Of course it would be far more worth it for the greenies to drive their old, decrepit, smog-producing VW minivan to a rally for greatly increased use of nuclear power, which would do far more to reduce fossil fuel emissions and oil dependencies than any number of hybrids.

But you can’t drive a pro-nuclear rally around to show off to your hippy friends, so that doesn’t work out…

Status good is spot on. (Note: Strictly speaking economists don’t use the term “status good” but such things would be a type of Veblen good.)

Mildly Piqued Academician
Right, in fact hybrids in general (even at the SUV level) aren’t yet worth it economically.

Well, not accounting for externalities. And “worth it” is tricky. It ain’t just gas mileage, or no one would ever get the add-ons to a car… or buy anything but the basic economy vehicle that gets you around.

But they may be worth it for early adopters (who by definition buy such goods before it is economically rational to do so), nerds, and greenies.

Right. If the nerds and greenies (big overlap there, obviously) need to justify their purchase, they can go right ahead. Fundamentally this is no different than the lawyer justifying his purchase of an Infiniti as a sign of having “made it.”As David Brooks has noted, it’s become acceptable to spend lots of money on high end “basics” such as a fancy kitchen among the bobo class, aka the current upper class.

Status good is spot on.

That’s true. But many other goods fall into that camp. Early adopter markets are quite important for the eventual broadening of the market. When fleet vehicles such as taxis, cop cars, etc., end up going hybrid you’ll see a big shift. Third gen hybrid may well push this as it will be cheaper, smaller, and better. In this case, the early adopters did
the rest of the world a big favor. 🙂

Angry Overeducated Catholic
Well, not accounting for externalities. And “worth it” is tricky. It ain’t just gas mileage, or no one would ever get the add-ons to a car… or buy anything but the basic economy vehicle that gets you around.

Right. I meant in simple economic analysis based on fuel efficiency. As you say, very few people buy their car for entirely (or even primarily) economic reasons. Otherwise the Fusion, Milan, and Altima could not all successfully compete—being the same car with different shells and options. Fortunately (for them) external options make a difference.

Right. If the nerds and greenies (big overlap there, obviously) need to justify their purchase, they can go right ahead. Fundamentally thi is no different than the lawyer justifying his purchase of an Infiniti as a sign of having “made it.”

Yes, and there’s nothing wrong with either. Both also signal to one’s peers that one is a member in good standing of the group and agrees with the aims and beliefs of the group, and such signals are of great importance to us naked apes.

As David Brooks has noted, it’s become acceptable to spend lots of money on high end “basics” such as a fancy kitchen among the bobo class.
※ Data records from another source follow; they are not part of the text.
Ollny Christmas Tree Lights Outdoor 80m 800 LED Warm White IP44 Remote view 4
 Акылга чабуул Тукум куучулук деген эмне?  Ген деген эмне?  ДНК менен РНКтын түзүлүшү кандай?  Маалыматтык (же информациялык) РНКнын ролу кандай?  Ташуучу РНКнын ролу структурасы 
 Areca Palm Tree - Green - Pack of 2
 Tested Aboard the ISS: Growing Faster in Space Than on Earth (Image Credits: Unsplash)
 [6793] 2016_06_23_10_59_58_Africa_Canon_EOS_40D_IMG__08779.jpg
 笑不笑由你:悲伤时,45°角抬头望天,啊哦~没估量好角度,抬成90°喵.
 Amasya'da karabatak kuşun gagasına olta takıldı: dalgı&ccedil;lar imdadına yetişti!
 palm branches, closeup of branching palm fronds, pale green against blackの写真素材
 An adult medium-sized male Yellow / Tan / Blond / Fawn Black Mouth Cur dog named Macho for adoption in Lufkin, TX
Yes indeed. Or to spend lots of extra bucks on organic food at faux farmers’ markets like Whole Foods. I suspect part of this a legitimate interest in these things and part is a desire to be able to consume conspicuously without appearing to be a wasteful and evil conspicuous consumer.

That’s true. But many other goods fall into that camp. Early adopter markets are quite important for the eventual broadening of the market.

Yes, and there’s nothing at all wrong with status goods—together with other luxury goods they form a huge component of the economy, after all.

When fleet vehicles such as taxis, cop cars, etc., end up going hybrid you’ll see a big shift. Third gen hybrid may well push this as it will be cheaper, smaller, and better. In this case, the early adopters did the rest of the world a big favor. 🙂

Exactly. If hybrid tech pans out the early adopters will be those who kept it alive long enough to do so. And if it fails, they’re the ones who took the risk (and loss) to give it a try. Entrepreneurs of consumption, as it were… 🙂

Mildly Piqued Academician

Yes, and there’s nothing at all wrong with status goods—together with other luxury goods they form a huge component of the economy, after all.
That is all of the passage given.